У Чимина не было друзей, а его одноклассники были чужды мальчишке по духу. Они были такими, каким мечтал его видеть отец: влюблёнными в море, желающими скорее закончить школу и заниматься рыбным промыслом вместе с отцами. Все мальчишки с детства хотели стать рыбаками, а девочки — их жёнами, ждущими своих мужей из плавания и оберегающими семейный очаг.
Чимин со своими мечтами о музыке был белой вороной, которую не обижали, но в открытую игнорировали и зло посмеивались за спиной.
А ведь он так мечтал о друге и единомышленнике, ему так хотелось делиться своей любовью к прекрасному и получать понимание, а не косые взгляды в ответ.

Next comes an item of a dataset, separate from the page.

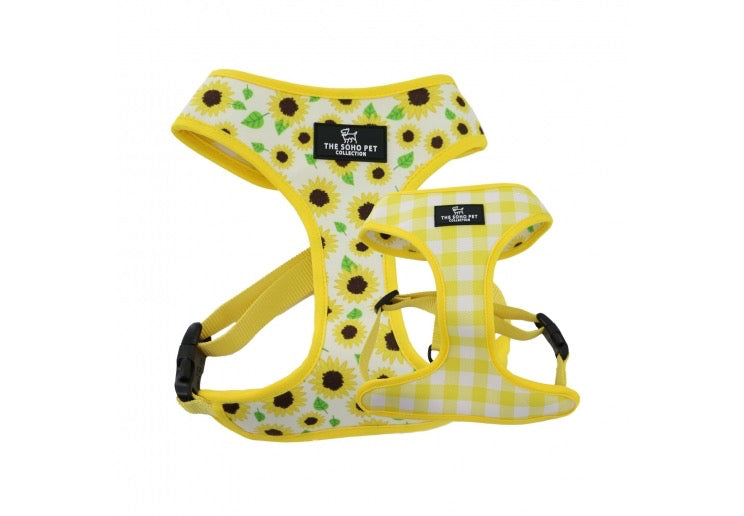 Ancol Soho Patterned Harness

В какой-то момент он понял, что не выдерживает: таинственный голос, чарующий и манящий, преследовал его круглосуточно, вторгаясь в сны и разрушая его неуютную, но привычную реальность. Чимина ломало, будто он — заядлый наркоман, подросток жаждал ещё хоть раз услышать тот красивый голос, а его отец был слишком невнимателен к сыну, чтобы предотвратить дальнейшие события.
Пак-старший радовался, глядя на то, как его отпрыск чуть ли не ночует на берегу моря — надежда на то, что он-таки свяжет свою жизнь с рыболовством, вспыхнула в мужчине с новой силой.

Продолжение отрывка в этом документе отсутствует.